The two accounts play different roles this month. Colleen drives reach, contributing 94% of impressions on the back of two viral hiring posts. Josh drives save efficiency, converting a small audience into a save rate roughly 6x higher per impression. Read together, the portfolio has both a top-of-funnel engine and a high-intent one.

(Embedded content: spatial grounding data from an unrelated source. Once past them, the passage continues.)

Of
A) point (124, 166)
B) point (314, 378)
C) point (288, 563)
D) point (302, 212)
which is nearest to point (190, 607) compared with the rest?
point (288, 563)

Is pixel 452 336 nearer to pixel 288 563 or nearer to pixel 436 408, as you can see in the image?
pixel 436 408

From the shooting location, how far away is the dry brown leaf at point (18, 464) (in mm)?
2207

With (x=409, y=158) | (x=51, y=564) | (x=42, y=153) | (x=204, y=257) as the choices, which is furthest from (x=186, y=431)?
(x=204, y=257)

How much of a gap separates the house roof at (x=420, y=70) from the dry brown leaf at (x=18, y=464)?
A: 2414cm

| Account | Posts | Impressions | Avg imp./post | Engagements | Saves | Saves / 1K imp | New followers |
|---|---|---|---|---|---|---|---|
| Colleen Gallagher | 14 | 129,162 | 9,226 | 822 | 36 | 0.28 | +273 |
| Josh Potter* | 4 | 8,163 | 2,041 | 65 | 14 | 1.72 | +7 |
| Combined | 18 | 137,325 | 7,629 | 887 | 50 | 0.36 | +280 |
*Josh's account came online June 10; his figures reflect a partial first month.

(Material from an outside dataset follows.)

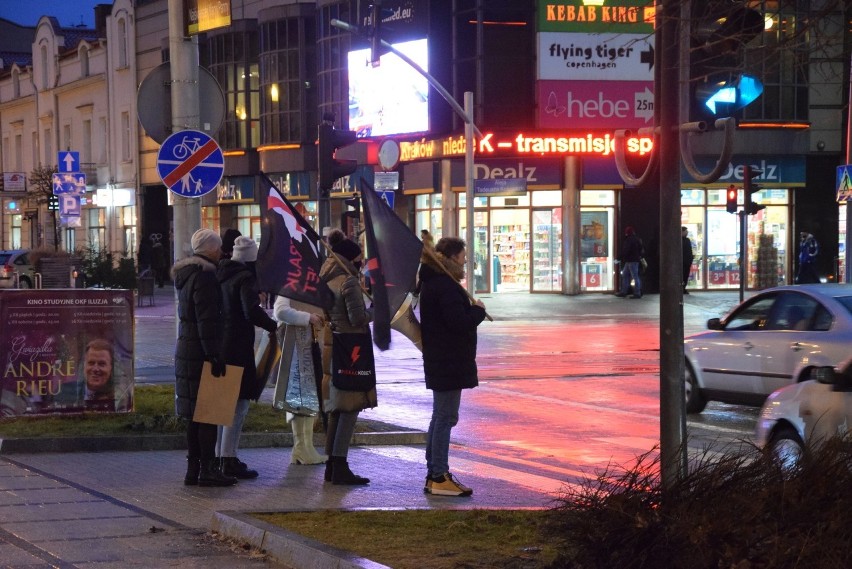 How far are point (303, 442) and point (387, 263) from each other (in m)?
2.10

Colleen contributed 94% of combined impressions, concentrated in two breakout posts.
Josh punched well above his reach on saves: 28% of combined saves from 6% of impressions.
Colleen is the reach engine. Her two market-shift hiring posts (86.8K and 25.9K impressions) drove 82% of all combined reach for the month. When her hook lands on a current industry shift, the ceiling is very high.
Josh is the intent engine. His candidate how-to content converts at 1.72 saves per 1,000 impressions versus Colleen's 0.28. The audience is small, but the content is genuinely useful. The obvious next move is to give that content more reach through higher cadence.
Combined, the accounts already cover both jobs. The July priority is to raise Josh's volume (only 4 posts) while keeping Colleen's contrarian and market-shift cadence, so the portfolio compounds on both reach and intent.
Colleen added +273 (1,797 to 2,070), a 15.2% gain, with the steepest climb around the two viral posts. Josh was nearly flat at +7 across his tracked window, a volume problem more than a content problem.
Ranked across both accounts.
Ranked across both accounts.
Every top post across both accounts opened either by challenging a hiring belief (Colleen) or by promising a specific, usable takeaway with credibility up front (Josh). Every underperformer opened with an announcement, a guest intro, or a warmup line. The winning hook formula is portfolio-wide: a number or credibility marker, a tension or specific claim, then a payoff.
The highest-save posts were practical (how to interview, what changed in hiring). The highest-reach posts rode a current, nameable industry shift. These are two different levers, and the portfolio is strongest when it pulls both: pair Colleen's reach with Josh's save-generating utility.
Josh's content converts better per impression than Colleen's, but 4 posts in a partial month is not enough to compound. Raising his cadence is the single highest-leverage change available for July.
Josh's content earns saves at 6x Colleen's rate per impression but only shipped 4 posts. Getting him to a consistent 3 posts per week is the fastest way to grow combined saves and followers. Colleen's cadence is healthy; keep it steady and spaced.
Colleen's two breakouts both opened on a concrete, current hiring shift (Salesforce freeze, 20 interviews per hire). Make this a standing weekly format on her account: one data-anchored "here is what changed and what it means" post built on a fresh stat or named move.
Colleen's product/company posts pull warm buyers but few saves; pairing them with a Josh-style how-to would convert that attention. And Josh's posts should adopt Colleen's contrarian openers to lift reach. The two accounts are a natural A/B lab for the same Textio narrative.